Task prompt
An exact transcript of every entry is required, without any of the pictures.

[Image-caption web data]
= Beginning of Section =
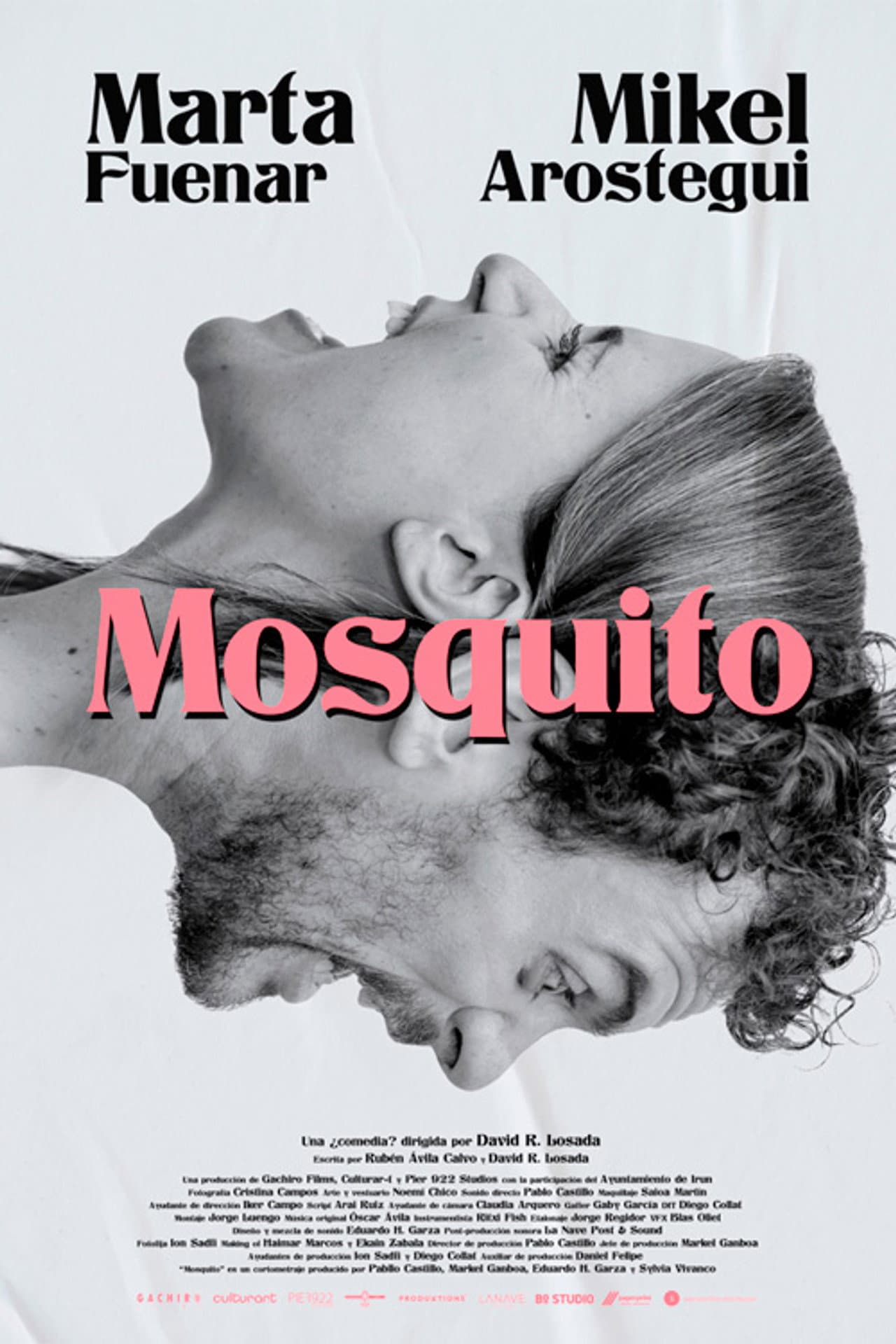 Mosquito preview 2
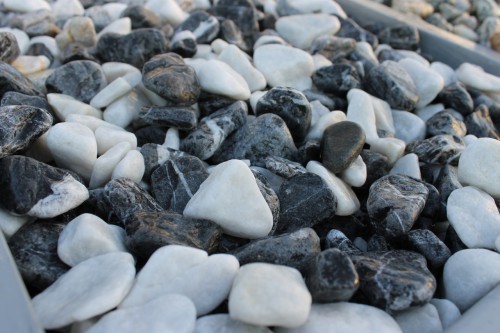  Микс шахматной гальки  (щебень галтованный микс:: белый-черный) фр.20-40 мм  купить  в Липецке мрамор белый, черный мраморный галтованный щебень 14500 руб/т   фото 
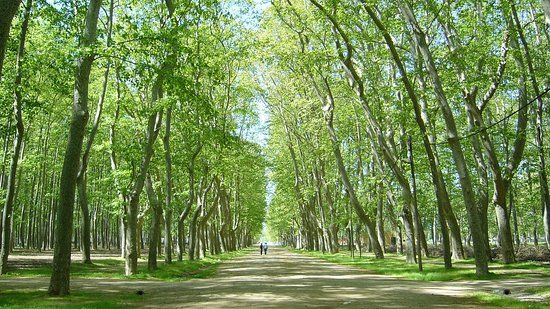 Parque de la Dehesa de Gerona
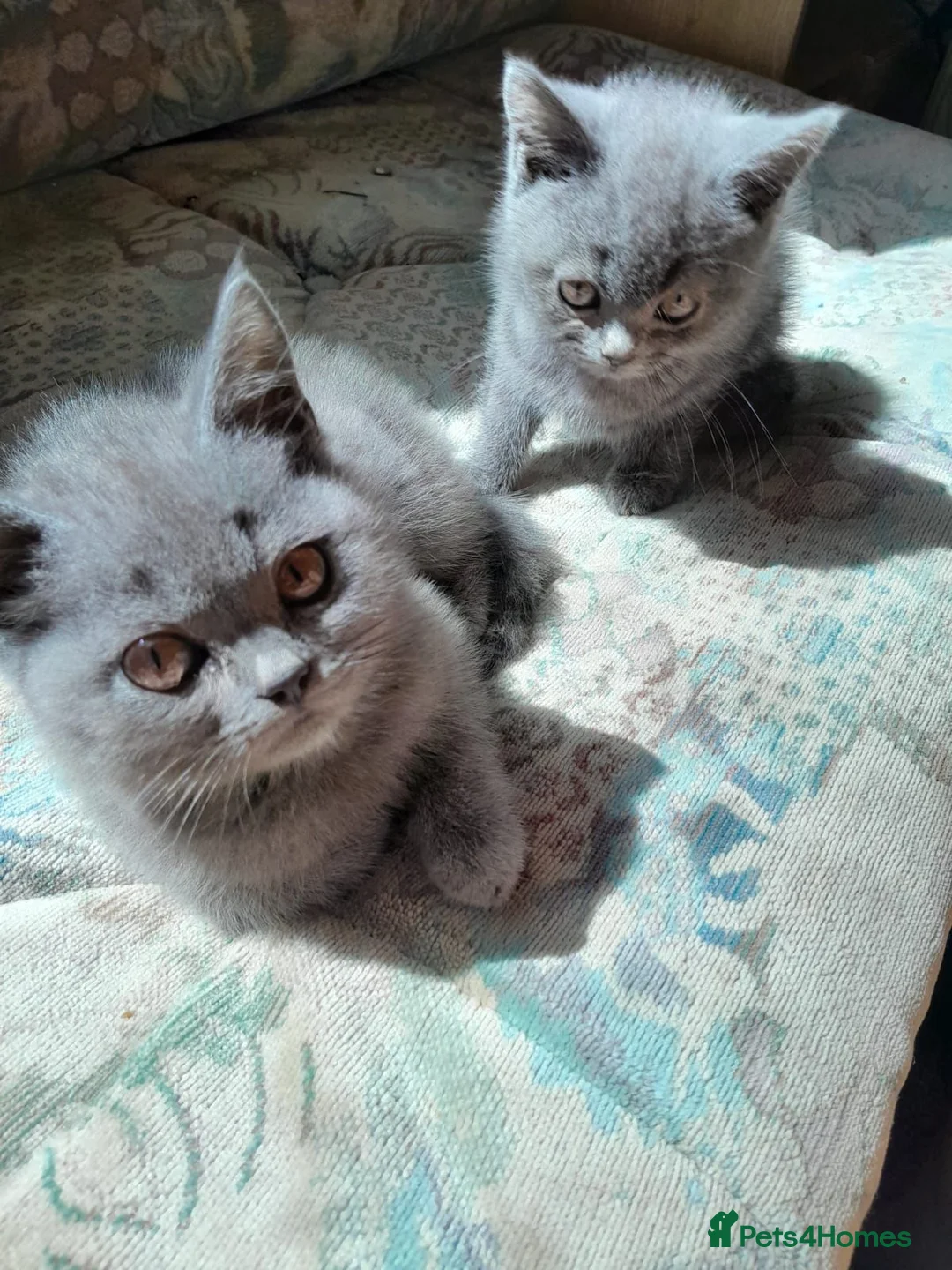 British Shorthair cats for sale: Stunning British Shorthair Kitty's - Advert 2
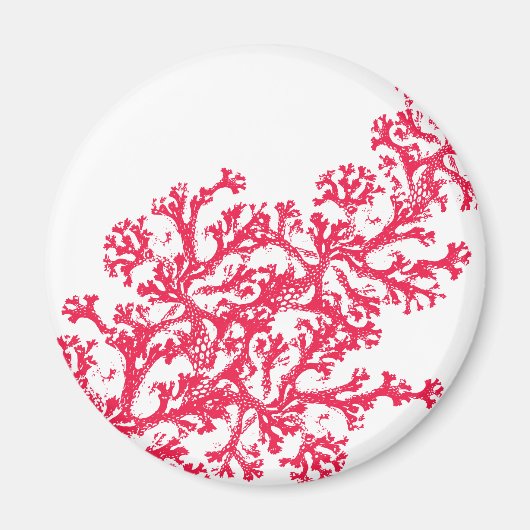 Coral Motif Magnet (Vorne)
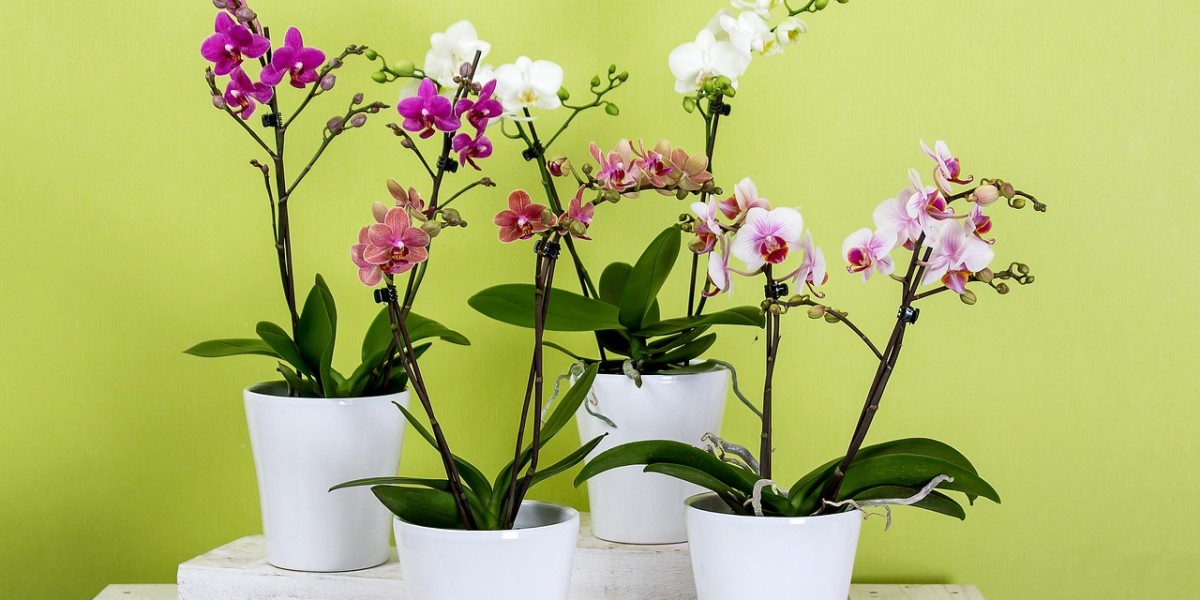 Orquídea Borboleta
= End of Section =
Exercise output
 Mosquito preview 2
  Микс шахматной гальки  (щебень галтованный микс:: белый-черный) фр.20-40 мм  купить  в Липецке мрамор белый, черный мраморный галтованный щебень 14500 руб/т   фото 
 Parque de la Dehesa de Gerona
 British Shorthair cats for sale: Stunning British Shorthair Kitty's - Advert 2
 Coral Motif Magnet (Vorne)
 Orquídea Borboleta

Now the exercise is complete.